The different types of welding are:
- Gas Metal Arc Welding (MIG)
- Gas Tungsten Arc Welding (TIG)
- Shielded Metal Arc Welding (Stick)
- Flux Core Arc Welding (FCAW)
While these are not the only welding techniques available, they are the four primary types and cover the welding needs in almost any situation. Here are the details:
MIG (Metal Inert Gas) Welding
MIG welding comprises a continuously-fed solid electrode that heats the metals to be joined, a direct current power source to melt the electrode, and an externally supplied shielding gas to protect the weld. With four main metal transfer methods--globular, short-circuiting, spray, and pulsed-spray—MIG welding has become the most popular industrial welding process.

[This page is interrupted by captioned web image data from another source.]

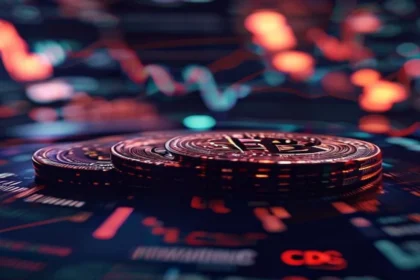 The Role of CBDCs in the Crypto Market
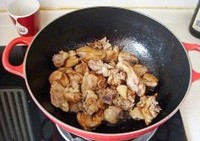 ������ж������ͼƬ����7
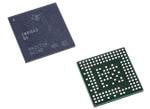 Texas Instruments IWR1843/IWR1843A Industrial mmWave Radar Sensor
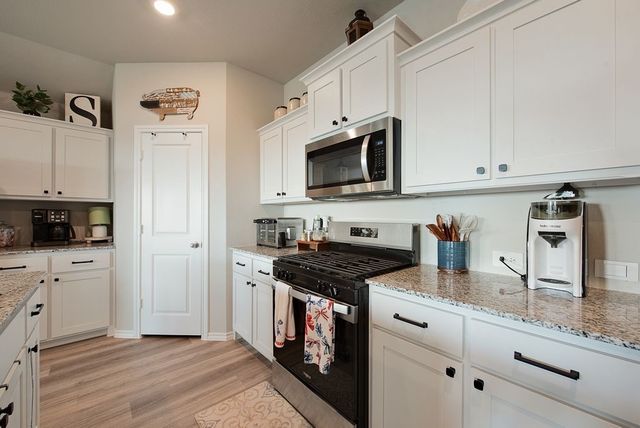 8560 Beltmill Parkway, Fort Worth, TX 76131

TIG (Tungsten Inert Gas) Welding
In TIG welding, a non-consumable tungsten electrode heats the metal, and a shielding gas protects the weld pool from contaminants in the air. The TIG process produces clean, high-quality welds in various metals including, aluminum, steel, stainless steel, copper, and brass, to name a few of the most common types. The advantages of using a TIG welder include what you will not get with the technique: spatter, slag, flux, smoke, or fumes.
Appropriately called shielded metal arc welding, stick welding uses an electrode (stick) and electric current at the weld pool to join various metals. The electrode consists of a solid metal rod surrounded by compounds and metal powders. Mostly used on steel and iron, a stick welder is a versatile and straightforward welder used in construction and fabrication settings.
Flux Core Welding
Flux core welding is a wire welding process, similar to MIG, that does not require an external shielding gas. Instead, the wire contains a flux compound that reacts with the welding arc to form a gas protecting the weld pool. A flux core welder is ideal for outdoor welding and on dirty materials.